Politics is unwieldy, stubborn and so are ideologies. They can be cold, cutting and resistant to change. But not people. People are different. They could be, to a certain extent, a receptacle of the things they believe in. But they can also be more than that. They could be a collection of fights, desires, frailties.

“The 2nd Repatriation” shows this via chronicling the moments and realizations that uncoverted long-term prisoners had while waiting for the chance to be sent back to North Korea. They have been called uncoverted as they refused to renounce the state's ideology.  Prior to them, 63 others have already been able to return to Pyongyang, a momentous event that Kim did a deep dive on in “Repatriation,” his first documentary on the same issue, released in 2003. 

For his follow-up documentary, however, Dong-won did not only lend a historical context to the complex issue, he also entwined very personal aspects of the subject and even of himself. The approach made the waiting for the second repatriation akin to an epitasis, one that meanders with various meanings and extends intricate answers to very important questions such as this one – why hasn't the second repatriation taken place after all these years? 

Geopolitics, deep-seated, lingering social cynicism and a lack of policy reciprocity have kept it from happening, definitely. But while it is to be expected that these institutional and social factors would be touched on and unpacked, what makes Kim's documentary more rich and insightful is its effortless probing of the very human considerations of the prisoners, developments and deviations that have resulted into their own shift in perspectives. It is not only the external barriers and political expediencies that have stopped them from going home – it's their changing definition of home and purpose too, to a certain extent, which have kept them from going back.

Kim's storytelling places the viewers in the environs and headspace of the subjects, most particularly that of Kim Young-Shik, who has been imprisoned for 27 years and has already reached his 80s waiting for the second repatriation to happen.
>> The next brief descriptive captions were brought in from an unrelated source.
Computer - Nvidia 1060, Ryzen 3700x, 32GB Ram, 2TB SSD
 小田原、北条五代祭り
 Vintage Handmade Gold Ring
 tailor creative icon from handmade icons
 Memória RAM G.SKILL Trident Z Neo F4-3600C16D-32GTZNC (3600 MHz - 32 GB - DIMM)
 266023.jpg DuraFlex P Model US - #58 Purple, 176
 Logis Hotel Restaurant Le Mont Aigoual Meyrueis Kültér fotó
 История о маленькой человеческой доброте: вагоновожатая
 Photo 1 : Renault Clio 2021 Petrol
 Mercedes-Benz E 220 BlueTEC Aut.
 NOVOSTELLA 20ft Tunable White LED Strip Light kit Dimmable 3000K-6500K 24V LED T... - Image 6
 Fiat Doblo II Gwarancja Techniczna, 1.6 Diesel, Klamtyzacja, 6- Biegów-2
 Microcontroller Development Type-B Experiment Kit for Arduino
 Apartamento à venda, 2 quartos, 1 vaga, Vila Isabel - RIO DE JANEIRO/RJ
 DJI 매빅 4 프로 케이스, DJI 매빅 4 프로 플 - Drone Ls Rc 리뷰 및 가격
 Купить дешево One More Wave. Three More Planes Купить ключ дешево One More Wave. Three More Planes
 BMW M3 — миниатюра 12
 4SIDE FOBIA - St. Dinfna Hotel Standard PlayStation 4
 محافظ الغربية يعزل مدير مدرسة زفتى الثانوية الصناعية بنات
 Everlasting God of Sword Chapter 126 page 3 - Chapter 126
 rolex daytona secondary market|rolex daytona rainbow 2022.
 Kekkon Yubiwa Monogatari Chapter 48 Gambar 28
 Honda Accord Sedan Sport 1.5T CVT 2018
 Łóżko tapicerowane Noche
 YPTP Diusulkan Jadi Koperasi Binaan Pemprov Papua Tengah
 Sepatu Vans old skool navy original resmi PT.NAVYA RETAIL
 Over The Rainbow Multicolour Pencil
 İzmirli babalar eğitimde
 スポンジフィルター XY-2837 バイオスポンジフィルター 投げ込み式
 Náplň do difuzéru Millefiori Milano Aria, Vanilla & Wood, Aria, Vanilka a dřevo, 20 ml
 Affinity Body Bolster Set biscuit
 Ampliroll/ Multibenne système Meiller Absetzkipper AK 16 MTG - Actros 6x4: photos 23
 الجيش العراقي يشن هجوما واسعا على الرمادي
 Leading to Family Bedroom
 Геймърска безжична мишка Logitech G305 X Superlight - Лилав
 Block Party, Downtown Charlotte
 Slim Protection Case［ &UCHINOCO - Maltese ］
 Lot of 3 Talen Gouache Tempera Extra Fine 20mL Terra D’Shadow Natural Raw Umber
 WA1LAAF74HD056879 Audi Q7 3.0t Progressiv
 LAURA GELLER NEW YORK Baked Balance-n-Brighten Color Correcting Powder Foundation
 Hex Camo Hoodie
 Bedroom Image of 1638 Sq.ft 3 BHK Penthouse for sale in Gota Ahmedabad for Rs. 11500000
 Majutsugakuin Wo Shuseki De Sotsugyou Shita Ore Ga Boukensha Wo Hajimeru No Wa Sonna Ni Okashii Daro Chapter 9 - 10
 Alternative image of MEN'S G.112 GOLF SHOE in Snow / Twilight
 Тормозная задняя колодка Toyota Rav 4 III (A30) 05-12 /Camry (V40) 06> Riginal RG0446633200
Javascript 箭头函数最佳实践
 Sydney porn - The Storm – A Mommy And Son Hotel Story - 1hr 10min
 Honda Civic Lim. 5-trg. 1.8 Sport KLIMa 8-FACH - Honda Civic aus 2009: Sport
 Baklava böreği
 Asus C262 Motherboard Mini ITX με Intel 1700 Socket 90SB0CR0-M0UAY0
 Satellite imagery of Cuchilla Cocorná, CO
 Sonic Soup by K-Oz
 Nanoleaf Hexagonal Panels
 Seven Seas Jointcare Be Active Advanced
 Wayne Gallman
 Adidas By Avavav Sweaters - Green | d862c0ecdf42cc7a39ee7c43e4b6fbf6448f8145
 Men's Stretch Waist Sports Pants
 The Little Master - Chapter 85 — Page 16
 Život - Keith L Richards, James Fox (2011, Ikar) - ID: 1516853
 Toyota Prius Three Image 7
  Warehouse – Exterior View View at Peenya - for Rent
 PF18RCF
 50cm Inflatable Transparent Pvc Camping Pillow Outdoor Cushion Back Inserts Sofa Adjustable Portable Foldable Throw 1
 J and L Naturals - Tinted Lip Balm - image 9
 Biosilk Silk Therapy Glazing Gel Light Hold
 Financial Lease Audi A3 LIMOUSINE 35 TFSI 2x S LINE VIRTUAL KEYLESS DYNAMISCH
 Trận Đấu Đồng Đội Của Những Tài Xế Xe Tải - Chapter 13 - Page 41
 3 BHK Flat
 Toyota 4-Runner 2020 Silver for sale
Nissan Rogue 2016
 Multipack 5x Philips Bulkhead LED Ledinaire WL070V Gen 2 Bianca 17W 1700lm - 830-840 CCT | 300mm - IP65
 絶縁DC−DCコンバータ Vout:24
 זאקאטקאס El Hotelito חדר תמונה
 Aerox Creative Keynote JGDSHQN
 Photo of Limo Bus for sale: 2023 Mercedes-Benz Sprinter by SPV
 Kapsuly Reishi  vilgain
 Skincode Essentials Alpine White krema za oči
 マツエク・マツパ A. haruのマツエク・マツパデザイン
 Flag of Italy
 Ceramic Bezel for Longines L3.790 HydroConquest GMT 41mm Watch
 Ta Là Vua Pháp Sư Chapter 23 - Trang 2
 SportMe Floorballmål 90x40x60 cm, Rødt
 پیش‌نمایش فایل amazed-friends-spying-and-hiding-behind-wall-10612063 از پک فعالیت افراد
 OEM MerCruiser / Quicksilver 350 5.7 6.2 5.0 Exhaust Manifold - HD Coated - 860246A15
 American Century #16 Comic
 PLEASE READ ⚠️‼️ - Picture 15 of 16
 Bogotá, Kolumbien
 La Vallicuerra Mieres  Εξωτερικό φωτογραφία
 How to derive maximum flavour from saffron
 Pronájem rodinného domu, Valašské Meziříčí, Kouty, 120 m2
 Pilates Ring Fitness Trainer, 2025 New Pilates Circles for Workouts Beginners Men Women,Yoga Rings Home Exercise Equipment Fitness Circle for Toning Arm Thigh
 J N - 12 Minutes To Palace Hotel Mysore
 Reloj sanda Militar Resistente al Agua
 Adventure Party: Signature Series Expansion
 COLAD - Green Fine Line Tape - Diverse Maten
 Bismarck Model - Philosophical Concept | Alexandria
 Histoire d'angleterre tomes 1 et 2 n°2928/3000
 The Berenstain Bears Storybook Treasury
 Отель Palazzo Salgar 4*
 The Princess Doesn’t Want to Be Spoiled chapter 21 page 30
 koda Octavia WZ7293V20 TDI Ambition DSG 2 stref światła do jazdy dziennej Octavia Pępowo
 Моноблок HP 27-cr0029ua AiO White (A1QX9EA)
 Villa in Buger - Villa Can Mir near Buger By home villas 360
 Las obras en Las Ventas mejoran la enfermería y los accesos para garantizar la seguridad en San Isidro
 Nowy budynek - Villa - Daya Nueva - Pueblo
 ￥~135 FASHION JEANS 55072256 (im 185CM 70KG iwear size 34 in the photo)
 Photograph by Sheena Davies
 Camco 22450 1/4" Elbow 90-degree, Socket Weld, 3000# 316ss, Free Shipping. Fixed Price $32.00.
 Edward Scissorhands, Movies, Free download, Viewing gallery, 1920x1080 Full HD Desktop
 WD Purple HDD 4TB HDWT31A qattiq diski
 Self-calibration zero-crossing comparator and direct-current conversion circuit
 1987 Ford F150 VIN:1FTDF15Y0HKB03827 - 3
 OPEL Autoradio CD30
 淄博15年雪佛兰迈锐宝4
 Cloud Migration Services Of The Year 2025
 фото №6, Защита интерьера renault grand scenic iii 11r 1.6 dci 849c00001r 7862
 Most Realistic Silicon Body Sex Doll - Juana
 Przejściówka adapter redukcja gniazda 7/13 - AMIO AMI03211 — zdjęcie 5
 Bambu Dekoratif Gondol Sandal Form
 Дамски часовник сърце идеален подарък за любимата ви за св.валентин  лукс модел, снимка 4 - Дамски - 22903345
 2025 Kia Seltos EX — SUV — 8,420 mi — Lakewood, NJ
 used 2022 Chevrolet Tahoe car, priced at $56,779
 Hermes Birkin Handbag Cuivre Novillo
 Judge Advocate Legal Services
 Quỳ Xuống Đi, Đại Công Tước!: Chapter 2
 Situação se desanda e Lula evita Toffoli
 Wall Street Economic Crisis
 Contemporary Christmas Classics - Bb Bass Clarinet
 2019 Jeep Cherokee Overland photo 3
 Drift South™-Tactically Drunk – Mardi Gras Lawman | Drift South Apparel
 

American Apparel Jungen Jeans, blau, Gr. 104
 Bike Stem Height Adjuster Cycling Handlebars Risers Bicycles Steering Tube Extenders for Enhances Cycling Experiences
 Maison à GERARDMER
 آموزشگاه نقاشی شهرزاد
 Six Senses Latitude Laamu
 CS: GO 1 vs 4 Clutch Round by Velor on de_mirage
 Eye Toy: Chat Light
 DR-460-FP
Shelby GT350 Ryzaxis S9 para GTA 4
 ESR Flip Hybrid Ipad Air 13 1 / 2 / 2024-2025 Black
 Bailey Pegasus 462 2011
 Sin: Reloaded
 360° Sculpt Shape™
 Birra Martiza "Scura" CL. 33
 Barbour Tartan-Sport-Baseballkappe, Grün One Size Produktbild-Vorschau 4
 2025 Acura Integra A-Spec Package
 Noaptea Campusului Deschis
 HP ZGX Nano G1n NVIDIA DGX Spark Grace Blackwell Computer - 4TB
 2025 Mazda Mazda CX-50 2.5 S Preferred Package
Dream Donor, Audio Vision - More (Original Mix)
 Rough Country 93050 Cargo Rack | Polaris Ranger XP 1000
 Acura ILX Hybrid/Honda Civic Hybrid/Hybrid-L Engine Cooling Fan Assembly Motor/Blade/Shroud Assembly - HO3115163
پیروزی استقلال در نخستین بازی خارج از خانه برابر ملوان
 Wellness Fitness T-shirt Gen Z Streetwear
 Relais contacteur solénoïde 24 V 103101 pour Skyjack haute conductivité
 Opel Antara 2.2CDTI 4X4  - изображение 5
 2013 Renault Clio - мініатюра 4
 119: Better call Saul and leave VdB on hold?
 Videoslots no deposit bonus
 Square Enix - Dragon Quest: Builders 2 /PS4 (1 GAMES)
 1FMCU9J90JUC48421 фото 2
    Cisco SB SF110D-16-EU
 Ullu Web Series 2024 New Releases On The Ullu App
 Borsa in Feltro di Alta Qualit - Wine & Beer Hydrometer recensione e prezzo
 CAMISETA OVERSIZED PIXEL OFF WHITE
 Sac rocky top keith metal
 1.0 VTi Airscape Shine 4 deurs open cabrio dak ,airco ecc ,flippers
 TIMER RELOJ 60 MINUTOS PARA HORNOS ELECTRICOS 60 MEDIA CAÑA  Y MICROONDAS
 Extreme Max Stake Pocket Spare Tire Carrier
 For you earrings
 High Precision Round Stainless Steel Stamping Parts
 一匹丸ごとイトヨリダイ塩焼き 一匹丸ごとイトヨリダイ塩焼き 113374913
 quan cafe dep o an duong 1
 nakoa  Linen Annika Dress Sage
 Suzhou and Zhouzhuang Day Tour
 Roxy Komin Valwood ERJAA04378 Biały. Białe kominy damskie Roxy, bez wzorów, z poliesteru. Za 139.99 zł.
The director's camera follows the affable, articulate but intrepid man as he tends to the plants in The House of Gathering, a place in Seoul where unconverted long-term prisoners like him stay. He captures his stints in the public transportation where he walks to and from inside the train and conducts a one-man protest of sorts against the national security law. The visuals and the encounters are all so raw, as Young-shik gets spited by some of the passengers, telling him that he doesn't know what he's talking about, calling for the abolition of the said law when he has not experienced the same suffering they had under Communist rule. 

What's interesting is that the director gets a similar criticism from Young-shik himself for his previous film. While “Repatriation” talks in length about their experiences, the octogenarian describes the documentary as incomplete if not shallow, as it did not explore the causes of the Korean War and the failed attempts behind the unification of North and South Korea. He sees it as a very detached scrutiny of an aspiration the documentary filmmaker does not have a personal investment on. This is where Kim shifts the setting and the conversation to his own history, a story of a family which did experience Communism, has roots in North Korea and has ambitions and goals that were shaped and defined by it. 

The documentary then transforms into an inviting introspection while still serving as a fiery critique of local and foreign politics and of the society as a whole, even of the Jeonju International Film Festival, which has given “The 2nd Repatriation” the best documentary award. “The 2nd Repatriation” is a very unpretentious, personal take on a divisive issue, with the division palpable not only between the states but also within oneself.